*** Opening of Source material ***
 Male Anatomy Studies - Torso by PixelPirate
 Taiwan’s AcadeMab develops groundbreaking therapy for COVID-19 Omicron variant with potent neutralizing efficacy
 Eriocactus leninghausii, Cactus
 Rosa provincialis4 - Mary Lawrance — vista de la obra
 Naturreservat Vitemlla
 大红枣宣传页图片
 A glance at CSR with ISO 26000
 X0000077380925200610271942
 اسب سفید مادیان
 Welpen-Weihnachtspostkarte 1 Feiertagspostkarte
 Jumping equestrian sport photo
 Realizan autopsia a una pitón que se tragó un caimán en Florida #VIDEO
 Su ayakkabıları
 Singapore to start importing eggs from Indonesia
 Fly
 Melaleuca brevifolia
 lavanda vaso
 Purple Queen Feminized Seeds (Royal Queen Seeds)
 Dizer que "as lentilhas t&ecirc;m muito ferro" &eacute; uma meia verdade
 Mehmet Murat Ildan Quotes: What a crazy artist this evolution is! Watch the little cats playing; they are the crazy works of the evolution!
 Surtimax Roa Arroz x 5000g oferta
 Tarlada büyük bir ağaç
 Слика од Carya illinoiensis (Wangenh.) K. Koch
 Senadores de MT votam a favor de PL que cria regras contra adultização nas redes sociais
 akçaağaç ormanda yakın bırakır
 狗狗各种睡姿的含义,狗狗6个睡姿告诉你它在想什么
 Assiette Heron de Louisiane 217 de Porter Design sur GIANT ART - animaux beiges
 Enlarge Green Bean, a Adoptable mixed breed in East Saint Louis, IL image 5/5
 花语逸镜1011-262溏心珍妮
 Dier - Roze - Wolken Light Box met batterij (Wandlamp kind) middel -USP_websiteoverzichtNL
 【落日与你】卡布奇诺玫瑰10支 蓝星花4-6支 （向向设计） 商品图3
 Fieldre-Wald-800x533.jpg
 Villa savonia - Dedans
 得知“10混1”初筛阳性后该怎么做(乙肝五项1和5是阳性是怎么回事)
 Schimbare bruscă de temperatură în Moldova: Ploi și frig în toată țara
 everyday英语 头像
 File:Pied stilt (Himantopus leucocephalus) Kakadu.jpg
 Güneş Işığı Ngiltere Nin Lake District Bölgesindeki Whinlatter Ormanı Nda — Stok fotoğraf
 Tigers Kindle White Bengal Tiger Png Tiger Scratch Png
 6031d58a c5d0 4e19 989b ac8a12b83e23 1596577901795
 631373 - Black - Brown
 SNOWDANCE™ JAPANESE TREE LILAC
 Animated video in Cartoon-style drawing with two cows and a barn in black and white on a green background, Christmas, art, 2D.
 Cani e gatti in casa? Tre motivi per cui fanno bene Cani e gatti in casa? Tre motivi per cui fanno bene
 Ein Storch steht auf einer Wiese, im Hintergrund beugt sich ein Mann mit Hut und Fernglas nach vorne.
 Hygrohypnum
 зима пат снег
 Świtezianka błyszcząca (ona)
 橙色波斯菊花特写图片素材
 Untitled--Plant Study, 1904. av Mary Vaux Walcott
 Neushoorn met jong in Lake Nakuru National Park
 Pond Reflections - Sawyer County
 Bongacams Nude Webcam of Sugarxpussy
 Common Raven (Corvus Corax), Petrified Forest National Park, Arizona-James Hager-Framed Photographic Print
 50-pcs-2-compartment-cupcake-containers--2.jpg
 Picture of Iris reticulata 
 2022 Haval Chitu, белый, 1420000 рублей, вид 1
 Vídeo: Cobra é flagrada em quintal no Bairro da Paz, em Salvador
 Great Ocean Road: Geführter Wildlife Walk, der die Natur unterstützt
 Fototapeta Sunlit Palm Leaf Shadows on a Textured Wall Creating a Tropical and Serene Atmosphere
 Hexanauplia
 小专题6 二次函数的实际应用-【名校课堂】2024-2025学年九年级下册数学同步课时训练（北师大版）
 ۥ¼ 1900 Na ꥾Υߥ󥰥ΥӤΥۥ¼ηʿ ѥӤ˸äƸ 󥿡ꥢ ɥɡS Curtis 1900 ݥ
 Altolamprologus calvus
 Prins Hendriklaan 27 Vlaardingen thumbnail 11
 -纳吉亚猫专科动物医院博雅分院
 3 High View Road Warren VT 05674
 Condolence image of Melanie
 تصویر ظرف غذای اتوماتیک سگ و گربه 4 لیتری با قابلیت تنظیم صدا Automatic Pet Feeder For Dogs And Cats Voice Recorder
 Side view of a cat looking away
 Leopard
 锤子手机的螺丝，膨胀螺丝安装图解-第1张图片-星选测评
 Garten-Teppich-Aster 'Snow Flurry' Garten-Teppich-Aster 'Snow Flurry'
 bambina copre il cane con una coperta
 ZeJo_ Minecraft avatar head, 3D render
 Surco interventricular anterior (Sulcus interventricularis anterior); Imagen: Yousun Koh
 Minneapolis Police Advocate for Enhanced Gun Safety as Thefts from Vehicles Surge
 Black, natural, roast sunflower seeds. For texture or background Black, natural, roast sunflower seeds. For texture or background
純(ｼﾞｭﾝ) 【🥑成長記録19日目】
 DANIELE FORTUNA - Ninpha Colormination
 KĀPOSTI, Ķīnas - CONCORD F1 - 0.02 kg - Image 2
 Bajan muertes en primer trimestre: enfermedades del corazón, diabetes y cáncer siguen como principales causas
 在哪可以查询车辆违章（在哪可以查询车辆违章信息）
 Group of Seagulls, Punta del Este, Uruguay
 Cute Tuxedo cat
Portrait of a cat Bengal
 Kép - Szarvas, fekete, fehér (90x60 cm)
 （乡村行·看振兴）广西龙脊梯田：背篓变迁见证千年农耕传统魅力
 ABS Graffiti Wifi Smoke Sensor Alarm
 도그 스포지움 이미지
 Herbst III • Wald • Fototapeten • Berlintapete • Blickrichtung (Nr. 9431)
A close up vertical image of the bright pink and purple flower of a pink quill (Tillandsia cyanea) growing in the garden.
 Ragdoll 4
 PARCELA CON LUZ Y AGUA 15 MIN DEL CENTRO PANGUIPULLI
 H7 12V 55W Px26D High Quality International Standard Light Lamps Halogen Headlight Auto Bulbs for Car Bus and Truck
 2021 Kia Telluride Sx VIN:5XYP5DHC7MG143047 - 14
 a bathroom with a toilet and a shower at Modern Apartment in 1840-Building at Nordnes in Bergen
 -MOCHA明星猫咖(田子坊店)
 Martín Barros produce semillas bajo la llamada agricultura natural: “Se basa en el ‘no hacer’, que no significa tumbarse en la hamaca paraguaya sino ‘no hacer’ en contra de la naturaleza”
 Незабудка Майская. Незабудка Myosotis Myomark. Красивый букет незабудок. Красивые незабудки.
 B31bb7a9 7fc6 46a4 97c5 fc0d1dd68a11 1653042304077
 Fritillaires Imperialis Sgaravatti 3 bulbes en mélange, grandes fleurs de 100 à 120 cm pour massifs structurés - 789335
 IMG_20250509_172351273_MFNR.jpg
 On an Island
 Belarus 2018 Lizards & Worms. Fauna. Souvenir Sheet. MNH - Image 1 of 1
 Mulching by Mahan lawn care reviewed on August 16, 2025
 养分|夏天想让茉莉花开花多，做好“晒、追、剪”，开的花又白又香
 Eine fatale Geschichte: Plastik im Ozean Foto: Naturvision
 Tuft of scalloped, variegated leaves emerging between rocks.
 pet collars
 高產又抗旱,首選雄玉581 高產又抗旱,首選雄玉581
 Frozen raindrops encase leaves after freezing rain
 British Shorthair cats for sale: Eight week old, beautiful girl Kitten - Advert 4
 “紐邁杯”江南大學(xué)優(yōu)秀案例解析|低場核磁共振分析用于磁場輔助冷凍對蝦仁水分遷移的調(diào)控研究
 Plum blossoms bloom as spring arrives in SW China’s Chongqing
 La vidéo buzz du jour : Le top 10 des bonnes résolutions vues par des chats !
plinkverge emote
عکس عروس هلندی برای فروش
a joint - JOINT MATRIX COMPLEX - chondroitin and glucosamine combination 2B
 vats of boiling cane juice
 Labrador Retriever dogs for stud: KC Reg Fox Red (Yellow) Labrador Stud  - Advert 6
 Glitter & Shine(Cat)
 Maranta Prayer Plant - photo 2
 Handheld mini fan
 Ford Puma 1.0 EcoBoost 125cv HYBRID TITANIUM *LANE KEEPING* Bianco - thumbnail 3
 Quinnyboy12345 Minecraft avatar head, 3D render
*** Close of Source material ***
Task requirements — The first line of the listing above through the line containing "Jumping equestrian sport photo": print exactly that, both ends included.

Exercise solution —
 Male Anatomy Studies - Torso by PixelPirate
 Taiwan’s AcadeMab develops groundbreaking therapy for COVID-19 Omicron variant with potent neutralizing efficacy
 Eriocactus leninghausii, Cactus
 Rosa provincialis4 - Mary Lawrance — vista de la obra
 Naturreservat Vitemlla
 大红枣宣传页图片
 A glance at CSR with ISO 26000
 X0000077380925200610271942
 اسب سفید مادیان
 Welpen-Weihnachtspostkarte 1 Feiertagspostkarte
 Jumping equestrian sport photo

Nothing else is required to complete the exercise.